While eating is intrinsically a simple thing – i.e. open mouth, insert food, chew, swallow – this basic part of life does come with its own set of subtle complexities. Although many foods are appealing and delicious, if they’re difficult to eat you can be put off altogether. There’s not a right or wrong way to eat, say, a pomegranate or chicken wings, but there certainly is an easier way than the one you’ve been following.
1. Toffee Apples: According to diet wellness expert Melissa Breyer, ‘Whether coated in a red sugary shell or drenched in gooey caramel, it would seem there is neither a graceful nor tidy way to eat a candy apple. You hold it by the stick and try your best, but inevitably the tips of the nose and chin become sullied with sugar. However…by simply turning the stick sideways and eating the apple a la corn on the cob — the traditional orientation in which you would eat an apple — much of the mess is mitigated.’
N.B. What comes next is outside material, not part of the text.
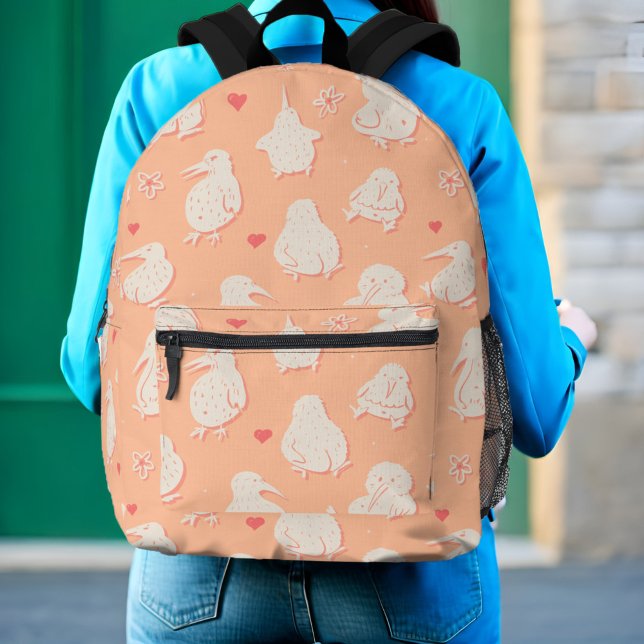 Kawaii Kiwi Bird Hinterns Niedlich Peach Funny Tee Bedruckter Rucksack (Cute peach kiwi backpack with a kawaii doodle pattern of silly birds with fuzzy butts)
2. Cupcakes: ‘We know how you’re going to eat a cupcake,’ says Breyer. ‘If you’re like most people, you will take one of two approaches. You will either peel down the paper liner and attack it with your mouth as wide open as possible, resulting in a sore jaw and a flourish of frosting festooned across your upper lip and nose. Or, you will eat the frosting first and then precede with the cake. But there’s a way in which you can have your cupcake and eat it too, so to speak. Twist (or slice) the cupcake into two disks, flip the top upside down and place it, frosting-side down, back on the bottom half. The result? A sandwich-like cupcake that gives you cake and frosting in the same bite, minus frosting up the nose.’
3. Chicken Wings: ‘There may be no neat way to eat a chicken wing,’ Breyer admits. ‘A generally messy endeavour that would have sent any proper Victorian into a tizzy. But there is a way to get the most out of one; rather than gnawing about the thing like a caveman and leaving much meat behind, the slip-out-the-bone method results in a nice, easy-to-dip winglet with little meat wasted.’
4. Apples and Peanut Butter: Breyer notes, ‘Any apples-and-peanut-butter eater knows what happens in this situation: spread peanut butter on wedge-shaped slice of apple, watch peanut butter slide off into lap. The better way to do it is to core the apple, pack it with peanut butter, then slice into rings. Bonus tip: this also works wonderfully with semi-soft cheese or a good stinky blue.’
5. Pomegranates: ‘It’s possible that you’ve never eaten a pomegranate before, or if you have the mess and labour were too much to persuade you to do so again,’ Breyer comments. ‘But it doesn’t have to be that way. One popular method is to plunge the two halves of the pomegranate into a bowl of water and gently nudge the seeds from the membrane; the seeds float and it is pretty simple.’
6. Ketchup and Fries: Breyer asserts, ‘The tragedy of take-out fries is that they are accompanied by small ketchup packets that are squirted onto them; for people who don’t like their fries to become irrevocably soggy by swimming in ketchup, this is a problem. Or, was a problem. If you are a dipper with nowhere to dunk, just open the packet completely on one side and the packet becomes a small dipping cup. Alternatively, if your ketchup comes in a small paper cup that is too small for exuberant dippers, you can unfold the pleats and the cup will flatten into a small paper plate with a dollop of ketchup ready for service.’